Recovering Hidden Reward in Diffusion-Based Policies¶

Conference: ICML 2026
arXiv: 2605.00623
Code: https://github.com/sotaagi/EnergyFlow
Area: Diffusion Policy / Inverse Reinforcement Learning / Energy-Based Models / Robot Manipulation
Keywords: diffusion policy, IRL, energy-based model, conservative field, inverse RL shaping

TL;DR¶

EnergyFlow explicitly parameterizes the score field of a diffusion policy as the negative gradient of a scalar energy function. It proves that under maximum-entropy optimality, the score equals the gradient of the soft Q-function, thereby providing a "free" scalar signal for downstream RL reward shaping without adversarial optimization, while the conservative field constraint improves OOD generalization.

Background & Motivation¶

Background: Diffusion policies (Chi 2023, Flow Policy) have become the mainstream for robot manipulation due to their ability to model multimodal expert action distributions and their strong BC performance on RoboMimic/Meta-World. However, they are essentially imitation learning; the models learn "what the expert did" without explicitly learning "why they did it."

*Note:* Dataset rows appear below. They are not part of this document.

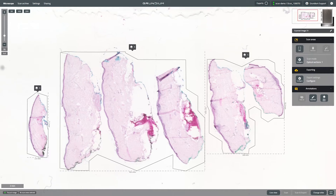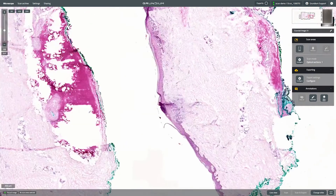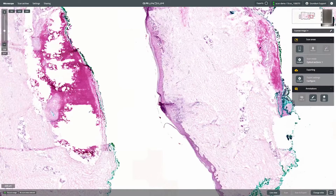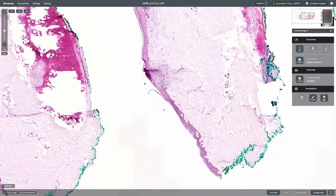Here's how to use the Annotation tool on your Grundium Ocus scanner. With this tool, you can easily mark areas of interest and leave comments for collaborating experts.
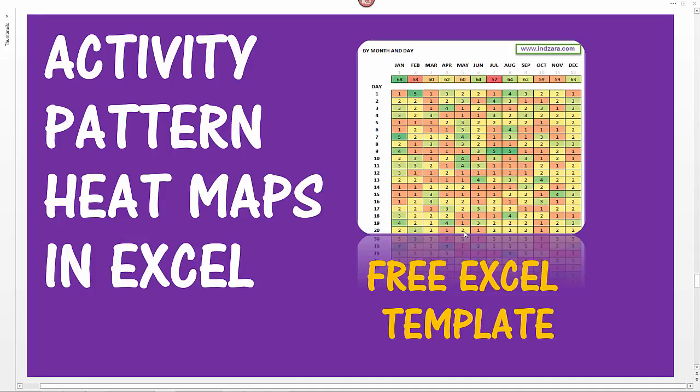Welcome back to another Excel template from InZara.com. This time we'll be looking at how to create activity pattern heat maps in Excel.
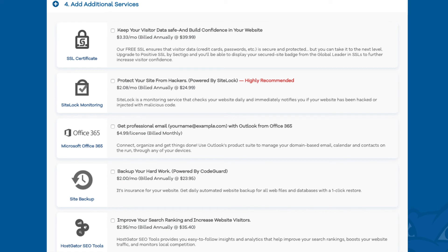The next add-on is Hostgator SEO Tools. Hostgator SEO Tools will provide you with reports, insights, and analytics regarding the SEO for your site, and it will recommend things to do to improve the SEO of your site. It will also report your site to search engines. This add-on isn't really necessary.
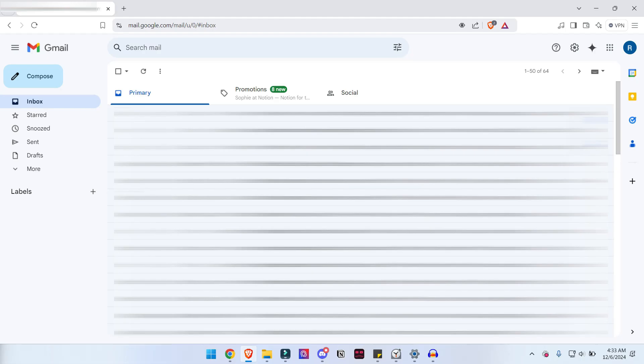Once you're done with the registration, you may view your account as usual. You have now created one Gmail account.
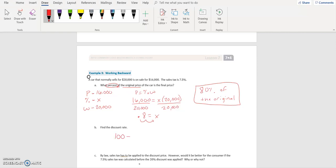100 minus 80 equals 20% discount. That's our discount rate — that is our percent decrease.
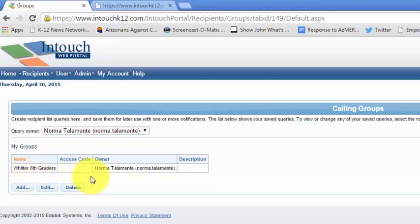And she might want to create other groups, but one group she'll definitely want to create is a group that includes all the students at Whittier, in case she wants to send a message or a notification to every student at Whittier. So I'm going to click add.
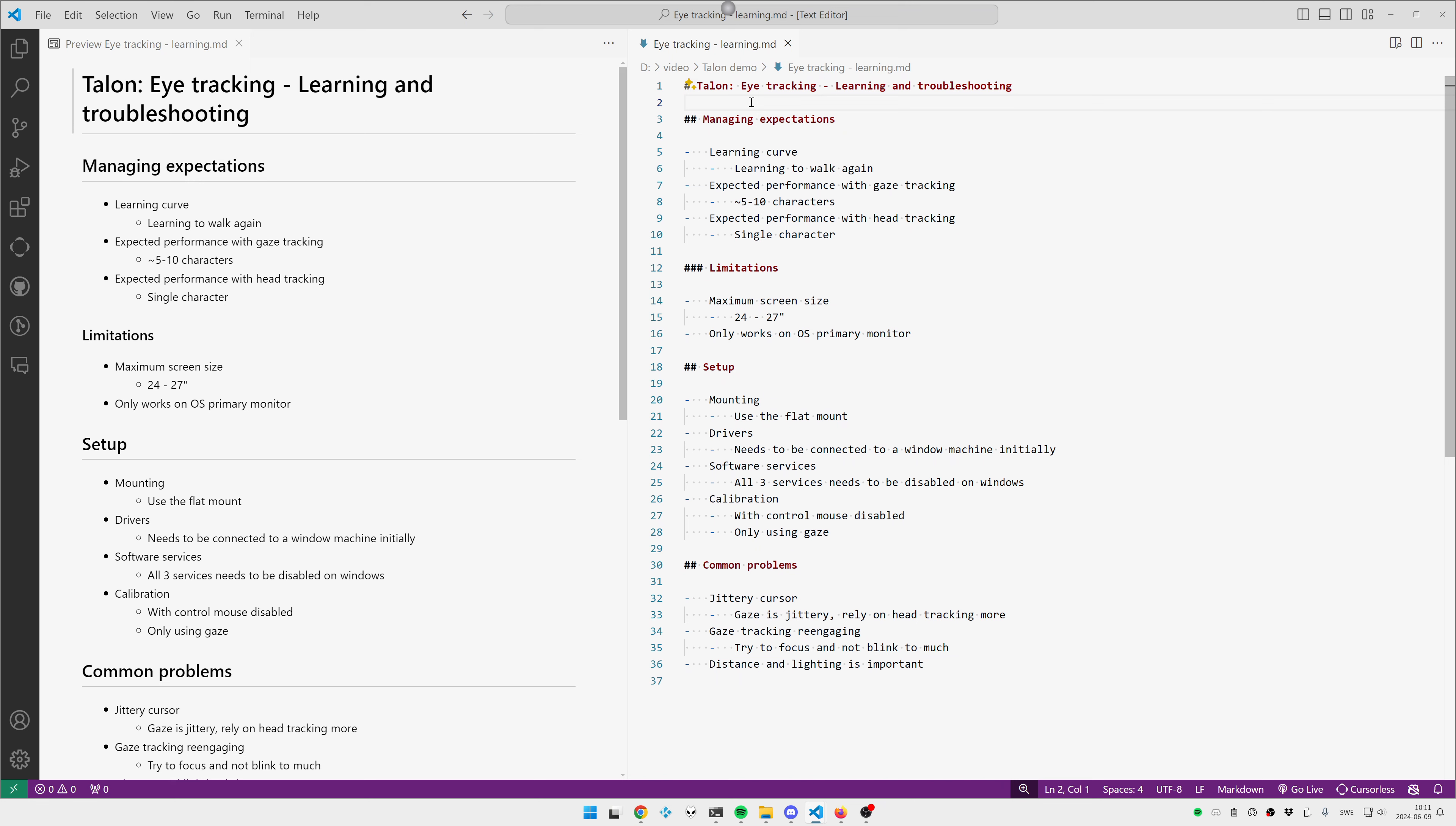The expected performance you will get with an eye tracker in Talon is basically using gaze, your eyes. You can get about five to ten characters precision. That's enough to give you words, but definitely lines, paragraphs, functions, stuff like that. And then there's head tracking, which will give you single character precision. And you need to combine both, so the gaze tracking gives you speed and reach. You can go across the screen quickly, and the head tracking gives you the precision to be able to place your cursor between characters and so on.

Limitations of Prior Work: Behavioral cloning faces two related issues. First, poor OOD robustness—once the test scenario deviates from the demo distribution, action likelihood alone cannot reliably rank actions. Second, it cannot directly generate reward signals to refine downstream RL. Existing IRL methods (max-ent IRL, GAIL, AIRL) can recover rewards from demos but require either expensive MCMC (EBM), unstable adversarial training (GAIL/AIRL), or repeated inner-loop policy optimization.

Key Challenge: Diffusion policies already "know" expert preferences in their latent space (the score is $\nabla \log p$), but authors typically treat them only as samplers, discarding the inherent reward signal. Conversely, IRL methods aim for rewards but often retrain an EBM or adversarial discriminator from scratch.

Goal: To enable a single network to simultaneously (i) act as a generative policy for action production, (ii) expose a scalar energy usable as a reward, and (iii) maintain the BC strength of diffusion policies without introducing extra training costs.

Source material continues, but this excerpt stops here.